Pour retenir qu'un acte peut être interruptif de prescription tant sur le plan de l'action pénale que sur le plan civil, il convient de vérifier s'il constitue à la fois un acte de poursuite ou d'instruction et une demande en paiement ; en l'espèce, si le premier procès-verbal établi le 15 septembre 1994 constitue bien un acte de poursuite ou d'instruction interruptif de l'action répressive, il ne contient aucune indication sur le montant des sommes réclamées permettant de lui attribuer un caractère interruptif de l'action civile ; le premier procès-verbal mentionnant le montant des droits réclamés date du 19 juillet 1995, date à laquelle la prescription triennale, en matière civile, était déjà acquise. »

NOTE : Dans un arrêt HART, la Cour de cassation (Cass. Crim. HART 29 janvier 1998, Gaz. Pal. 17 juillet 1998, n°198 page 28 note GOGUEL) a jugé : « Sauf à priver de toute portée les dispositions des articles 369, 4° et 377 bis du Code des douanes, 2 et 3 du règlement CEE n°1697/79 du Conseil du 24 juillet 1979, permettant le recouvrement a posteriori des droits dus, les procès-verbaux établis par l’Administration des douanes, en ce qu’ils visent à la fois à établir l’existence d’une infraction et à asseoir l’assiette des droits à recouvrer, ont un effet interruptif non seulement à l’égard de l’action en répression des infractions douanières mais encore à l’égard de celle tendant au recouvrement de ces droits ».
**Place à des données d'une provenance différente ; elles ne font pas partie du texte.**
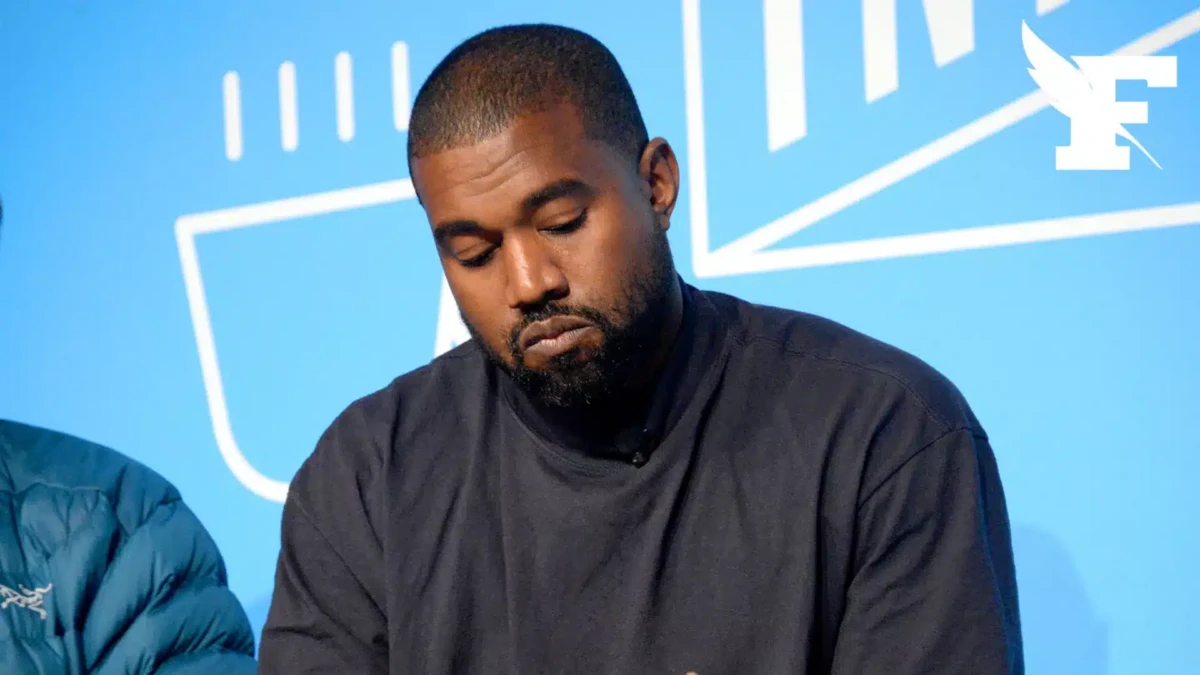 Etats-Unis : Un ex-employé porte plainte contre Kanye West pour des propos racistes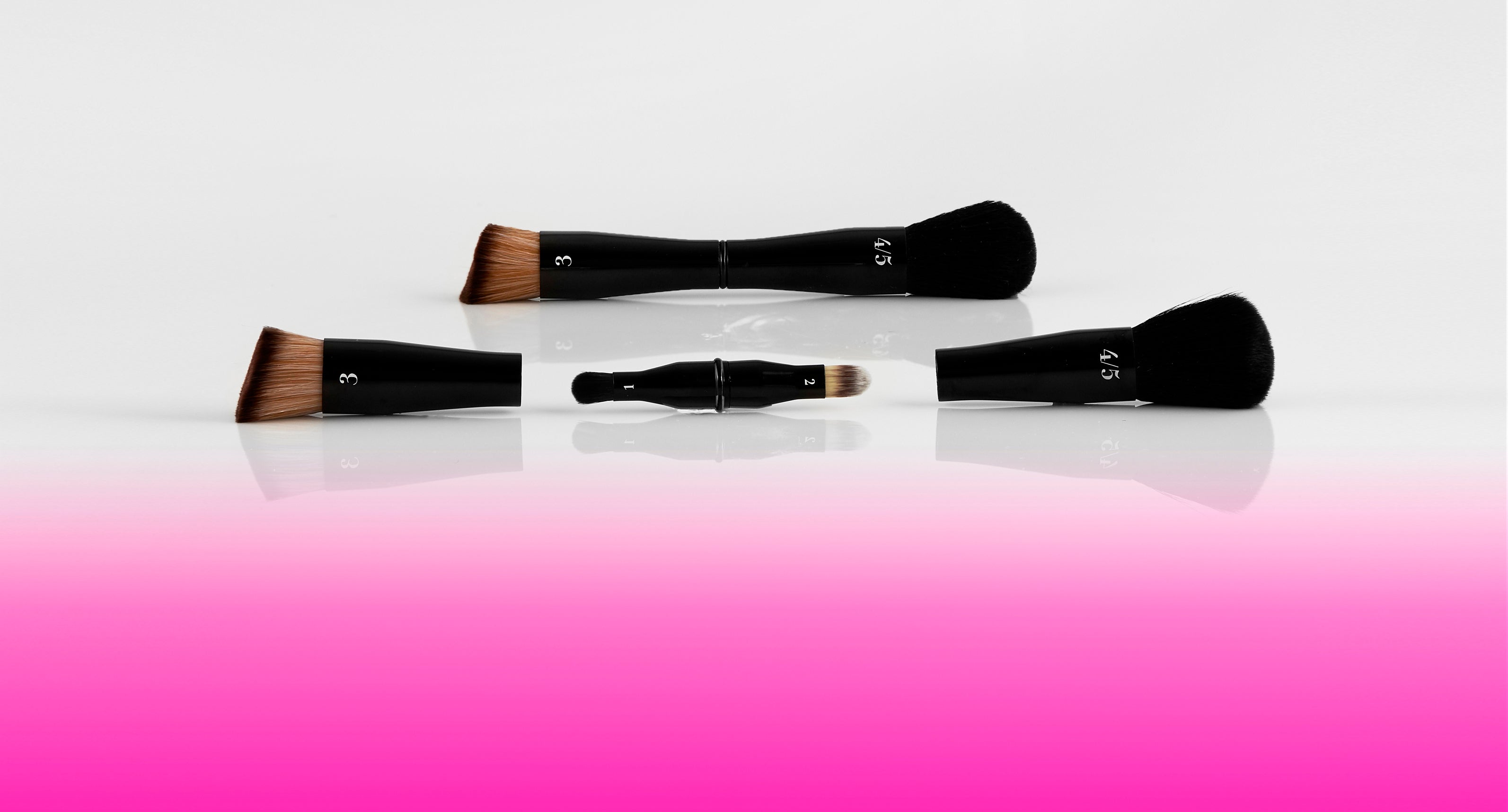 Product image of the 4 in 1 nesting brush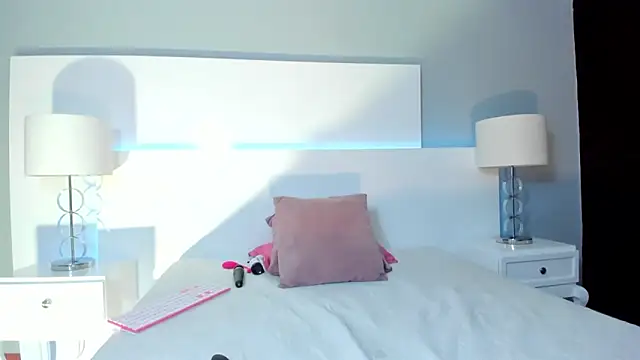 LauraAristizabal online show from 02.08.25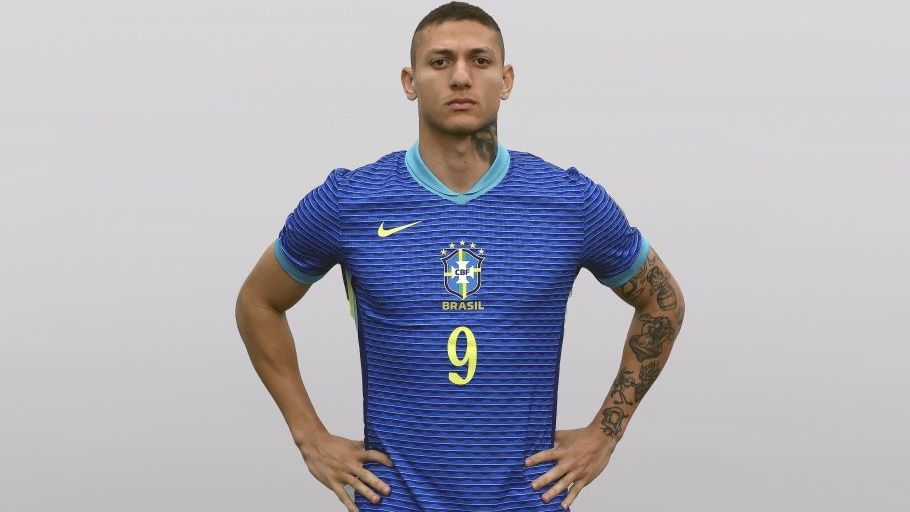 Richarlison posa com nova camisa da Seleção Brasileira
Cette décision engendrait deux interprétations : sont interruptifs de prescription des actions pénale et en recouvrement des droits, soit tous les procès-verbaux de douanes, soit uniquement ceux qui visent à la fois à établir l’existence d’une infraction et à asseoir l’assiette des droits à recouvrer ».

L’application concrète par les juges du fonds des articles 352, 353 et 354 c. des douanes était très attendu.

Dans les deux décisions ci-dessus citées, les juridictions ont retenu la seconde interprétation, la plus prudente qui avait été très justement proposée par Maître GOGUEL dans son commentaire de l’arrêt Hart.

La Cour d’appel de Versailles a rejeté l’application de la décision Hart dans une affaire portée devant le juge civil, en retenant que les procès-verbaux ne font pas partie des actes interruptifs de prescription de l’action civile mentionnés dans les articles 352 à 355 du Code des douanes et que seul le procès-verbal de notification d’infraction peut être considéré comme la communication des droits devant être effectuée dans le délai de trois ans conformément à l’article 2 du règlement CEE n°1697/79 (remplacé par l’article 221 du Code des Douanes Communautaire).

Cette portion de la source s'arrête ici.